(Collected material begins)

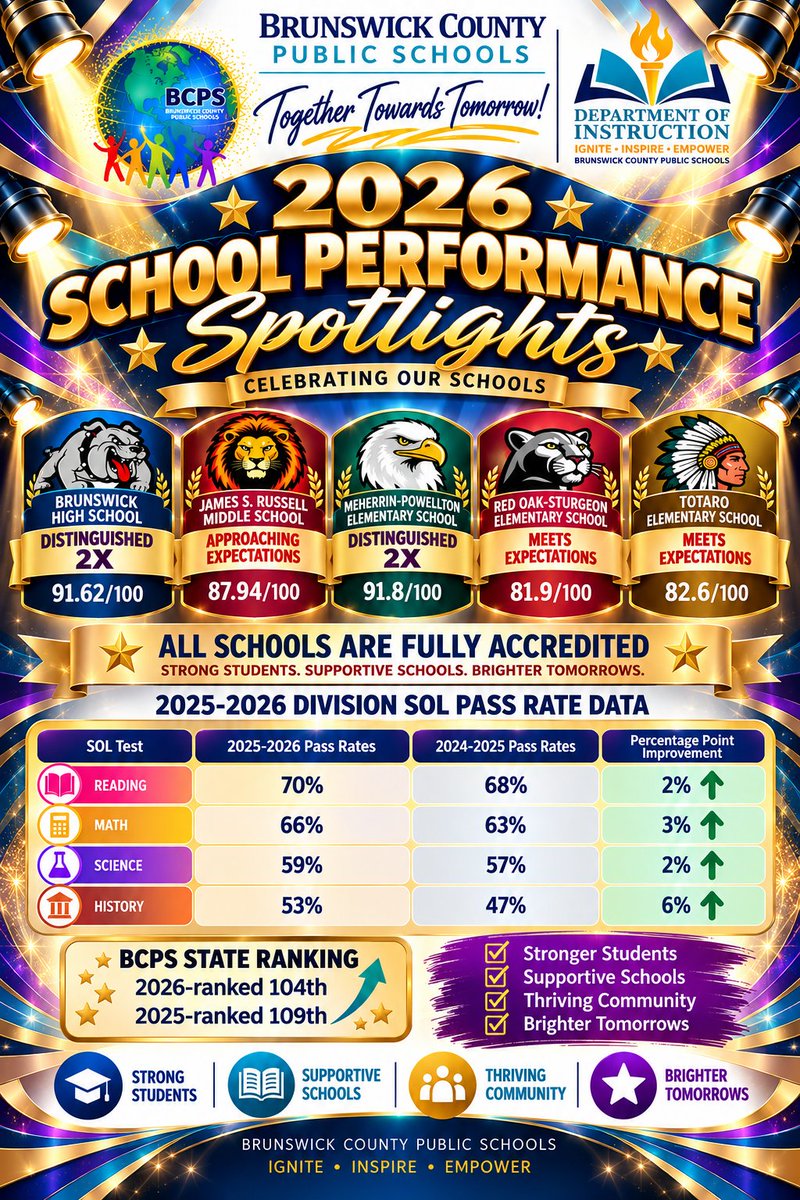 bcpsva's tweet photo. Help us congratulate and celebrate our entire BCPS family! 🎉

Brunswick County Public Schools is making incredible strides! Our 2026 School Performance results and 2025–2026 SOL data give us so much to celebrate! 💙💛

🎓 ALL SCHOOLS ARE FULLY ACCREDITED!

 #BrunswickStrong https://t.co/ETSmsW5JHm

(Collected material ends)

Copy exactly, with no other lines, the stretch of the material that begins at the line containing "Brunswick County Public" and ends at its last line.

*Reply to the task*.
Brunswick County Public Schools is making incredible strides! Our 2026 School Performance results and 2025–2026 SOL data give us so much to celebrate! 💙💛

🎓 ALL SCHOOLS ARE FULLY ACCREDITED!

 #BrunswickStrong https://t.co/ETSmsW5JHm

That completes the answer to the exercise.